Overnight there had been a hell of a south westerly blowing, it even woke me up it was that loud. Combined with a high tide the wind had obviously dislodged the animal and it was floating free somewhere. The question was, upstream or downstream? The tide was running in and all floating objects were going upstream. However the strong wind had been pushing downstream overnight as had the tide. I decided to check both. I climbed in the car and ventured forth on rolling fen roads for mile after mile. The thing is, fen roads are built on a peat subsoil that absorbs and loses water through the season; so the ground ends up swelling and shrinking. It rises and falls like a bride’s nightgown. You end up travelling on tarmac something akin to the world’s longest fair ride. Anyways, I checked the length of the river from bridge after bridge between Denver sluice and Kings Lynn – nada, nothing, nil! All I found were a swift, which clipped my ear as it flew southwards against the still strong wind, and a Common Seal which was almost as lost as the whale. It stared at me with one of those sorrowful big eyed looks and I’m sure it shrugged its shoulders and raised its eyebrows at one point.

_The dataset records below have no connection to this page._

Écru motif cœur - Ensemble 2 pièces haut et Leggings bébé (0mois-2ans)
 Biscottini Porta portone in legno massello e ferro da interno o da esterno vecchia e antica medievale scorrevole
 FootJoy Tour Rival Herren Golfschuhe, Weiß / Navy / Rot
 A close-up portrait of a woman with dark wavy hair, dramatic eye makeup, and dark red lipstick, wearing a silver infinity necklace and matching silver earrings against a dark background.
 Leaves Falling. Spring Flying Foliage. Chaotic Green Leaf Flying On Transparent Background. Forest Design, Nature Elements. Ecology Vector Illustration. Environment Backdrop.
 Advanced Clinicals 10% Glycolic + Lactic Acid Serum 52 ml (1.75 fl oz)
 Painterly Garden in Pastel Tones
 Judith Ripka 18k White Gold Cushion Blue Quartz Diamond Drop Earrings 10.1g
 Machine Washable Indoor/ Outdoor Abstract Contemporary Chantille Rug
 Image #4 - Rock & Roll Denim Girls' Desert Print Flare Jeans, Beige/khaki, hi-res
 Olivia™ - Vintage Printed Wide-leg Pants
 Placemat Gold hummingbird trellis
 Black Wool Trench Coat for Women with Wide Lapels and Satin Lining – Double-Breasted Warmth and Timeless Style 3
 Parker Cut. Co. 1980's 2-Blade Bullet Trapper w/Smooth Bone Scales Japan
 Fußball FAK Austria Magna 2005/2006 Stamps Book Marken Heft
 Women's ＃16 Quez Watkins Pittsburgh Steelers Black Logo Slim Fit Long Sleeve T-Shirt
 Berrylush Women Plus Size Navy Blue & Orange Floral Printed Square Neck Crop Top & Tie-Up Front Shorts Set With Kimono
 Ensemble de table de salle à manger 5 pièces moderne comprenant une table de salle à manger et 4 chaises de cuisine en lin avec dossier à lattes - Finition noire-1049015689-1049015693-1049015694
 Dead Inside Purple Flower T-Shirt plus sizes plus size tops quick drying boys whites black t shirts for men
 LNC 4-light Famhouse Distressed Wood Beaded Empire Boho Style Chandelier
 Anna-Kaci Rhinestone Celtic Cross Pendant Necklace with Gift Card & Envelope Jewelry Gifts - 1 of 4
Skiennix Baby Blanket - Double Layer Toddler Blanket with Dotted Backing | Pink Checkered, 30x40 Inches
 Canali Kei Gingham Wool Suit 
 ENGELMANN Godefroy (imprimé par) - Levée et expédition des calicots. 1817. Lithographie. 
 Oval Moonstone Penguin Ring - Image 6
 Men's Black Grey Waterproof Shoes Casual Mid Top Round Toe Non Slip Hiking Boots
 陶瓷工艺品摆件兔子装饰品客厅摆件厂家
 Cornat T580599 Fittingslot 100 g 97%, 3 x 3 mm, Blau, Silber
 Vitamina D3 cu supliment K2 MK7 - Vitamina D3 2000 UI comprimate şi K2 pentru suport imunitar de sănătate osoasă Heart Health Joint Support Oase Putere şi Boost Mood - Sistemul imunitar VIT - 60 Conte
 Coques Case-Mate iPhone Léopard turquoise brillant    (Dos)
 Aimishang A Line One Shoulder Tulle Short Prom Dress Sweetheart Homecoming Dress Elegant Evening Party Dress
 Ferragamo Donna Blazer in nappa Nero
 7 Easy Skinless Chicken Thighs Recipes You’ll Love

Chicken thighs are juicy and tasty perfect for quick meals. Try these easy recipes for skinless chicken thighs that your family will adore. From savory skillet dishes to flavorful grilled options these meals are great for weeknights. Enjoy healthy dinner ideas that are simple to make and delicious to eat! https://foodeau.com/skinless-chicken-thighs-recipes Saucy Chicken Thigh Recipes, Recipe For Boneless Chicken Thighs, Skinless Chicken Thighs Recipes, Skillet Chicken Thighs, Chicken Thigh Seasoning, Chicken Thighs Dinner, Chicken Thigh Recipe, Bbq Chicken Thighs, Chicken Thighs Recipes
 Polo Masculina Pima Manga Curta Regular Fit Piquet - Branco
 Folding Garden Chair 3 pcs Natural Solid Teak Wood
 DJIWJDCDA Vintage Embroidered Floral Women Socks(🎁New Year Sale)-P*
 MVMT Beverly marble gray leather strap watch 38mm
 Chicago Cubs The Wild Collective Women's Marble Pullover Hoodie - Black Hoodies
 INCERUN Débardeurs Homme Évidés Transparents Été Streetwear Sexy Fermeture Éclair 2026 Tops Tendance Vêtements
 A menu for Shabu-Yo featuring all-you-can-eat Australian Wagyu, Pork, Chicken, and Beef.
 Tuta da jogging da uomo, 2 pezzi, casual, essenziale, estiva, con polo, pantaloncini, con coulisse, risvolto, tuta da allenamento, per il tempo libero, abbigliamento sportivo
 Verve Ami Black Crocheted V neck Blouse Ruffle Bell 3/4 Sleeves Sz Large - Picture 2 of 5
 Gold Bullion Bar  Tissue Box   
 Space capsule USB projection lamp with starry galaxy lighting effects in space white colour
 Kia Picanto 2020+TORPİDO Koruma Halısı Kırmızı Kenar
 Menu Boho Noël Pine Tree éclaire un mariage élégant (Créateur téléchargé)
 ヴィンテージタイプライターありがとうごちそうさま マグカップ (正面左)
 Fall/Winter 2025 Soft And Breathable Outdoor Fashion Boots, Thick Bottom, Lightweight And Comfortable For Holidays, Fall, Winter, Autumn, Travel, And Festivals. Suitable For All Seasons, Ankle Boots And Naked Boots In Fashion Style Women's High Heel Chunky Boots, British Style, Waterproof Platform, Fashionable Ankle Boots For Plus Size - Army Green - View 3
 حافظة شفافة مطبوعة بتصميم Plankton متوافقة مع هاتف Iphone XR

For my troubles I got a good chastising from an Anglian Water worker for parking in a gateway but even that was preferable to the bull which headed at a not inconsiderable pace in my direction causing me to beat a hasty retreat. Next time I see a sign saying ‘Bull with Cows in Field’ I might take more notice.

However, as I was packing up and heading for my photographic foray in Kings Lynn I spotted something small in the grass. It wasn’t a whale. It was a blue butterfly. A Common Blue. Not that unusual sure, but a very contrasty Common Blue. A late one too.

Forever looking for whales and finding butterflies.

 

15
Sep
17

Camouflaged

Some creatures can be right before your eyes … but can take some finding. I was thinking back this week to January … the 15th to be exact. A memorable wonderful day of new things. As I walked on the isolated island of Magdalena, off Punto Arenas in southern Chile, I passed a shoreline of stones. The Magallenic Penguins were perhaps the highlight, or maybe the Sei Whales or the Commerson’s Dolphins we saw on the return ferry journey. However, hidden among the rocks were Rufous chested Dotterels. Simply unseen until seen. So many highlights to mention … in such a wonderful place.

10
Sep
17

Beautiful

We saw this Chinese Water Deer on tour last weekend. A small alien from the other side of the world but no less beautiful for that.